Eran las siete de la tarde, esa hora en que la luz del cielo se apaga lenta y los objetos, los edificios, los marcos de las ventanas brillan con renovada intensidad. Su pollera fue un destello atroz.  

Dejé el libro sobre la mesa y me asomé a la ventana.

Abajo, el cuerpo de la mujer desparramada y la vecina del patio mirándola y un silencio sin explicación.

No sé si alguien de otro piso se asomó. Metí mi cabeza y pensé en la muerte brutal y sin espectáculo, la intimidad sucia del patio interno, la sórdida estrechez del hueco del edificio.

Después fui a la cocina y preparé café.

Al rato llegó la policía a la planta baja. Escuché voces y me asomé.
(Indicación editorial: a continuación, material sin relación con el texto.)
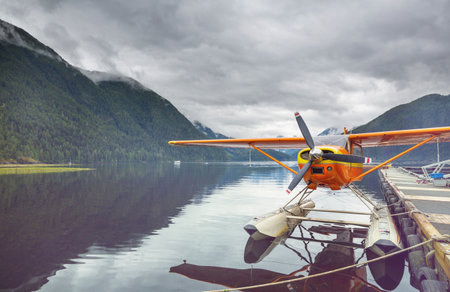 Float Plane in the mountains lake, Canadaの写真素材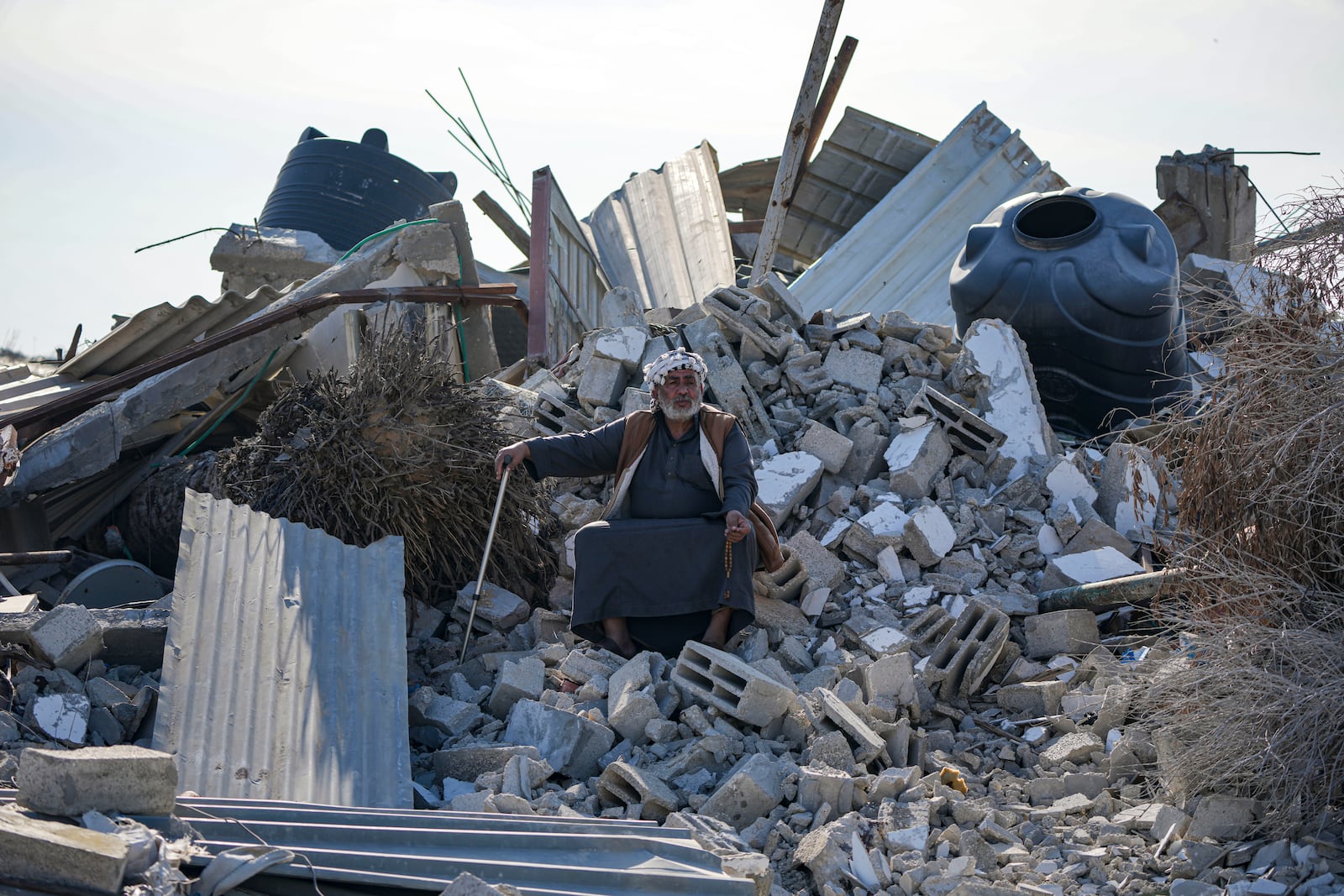 Atiya Abu Sheiban sits on the ruins of his destroyed home, days after the ceasefire deal between Israel and Hamas, in Rafah, southern Gaza Strip, Tuesday, Jan. 21, 2025. (AP Photo/Abdel Kareem Hana)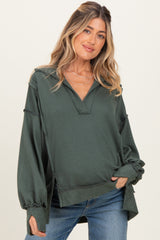 woman wearing a dark green maternity pullover with a v-neck and loose sleeves, styled with casual blue jeans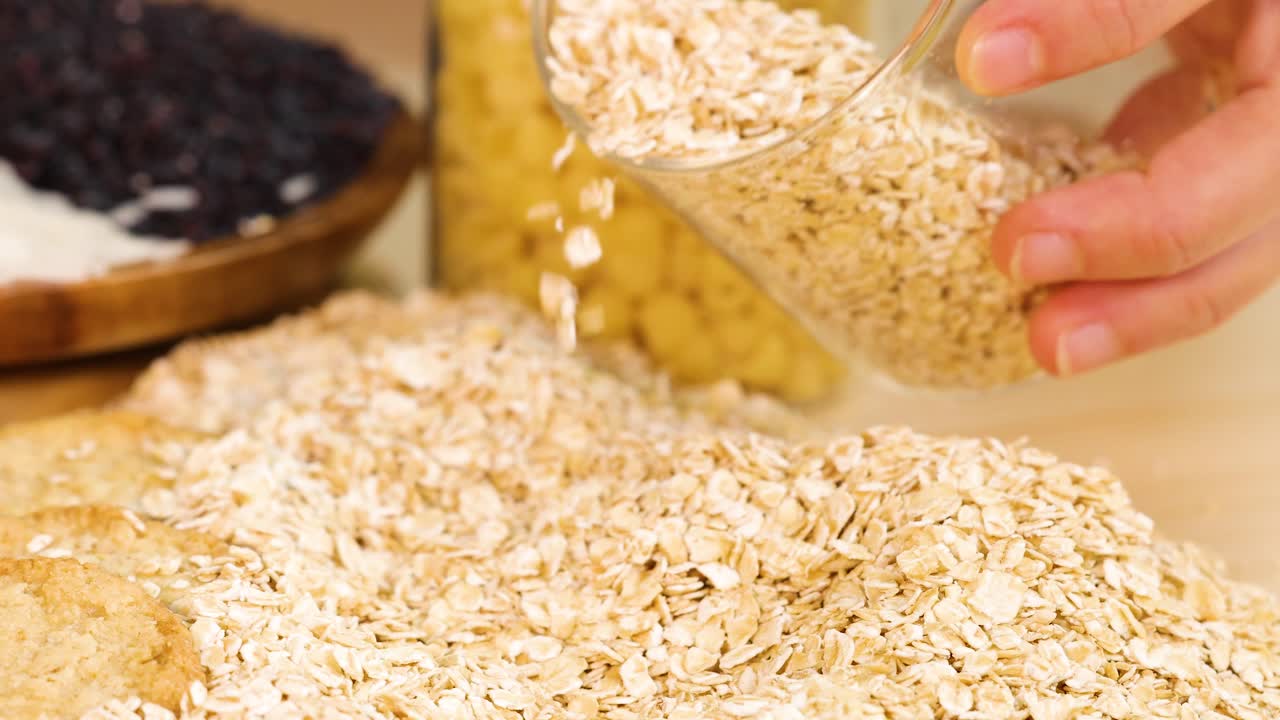 Hands pour rolled oats into a glass container on a kitchen counter. Bright lighting highlights the grains and surrounding ingredients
Dos oficiales con sus gorras azules al fondo del pozo y el obstinado silencio de la no explicación.

lunes, 20 de enero de 2014

El regreso de la mujer pulpo

Ejercicio de constancia. Cada día una línea o dos.
En la montaña irrumpió el diario diario: cabeza despejada para asimilar el helado tacto del lago, el aire fresco con aroma a montaña, las ganas de seguir.
Entonces sigo. Empiezo otra vez. Vuelta de página. Un tiempo por venir.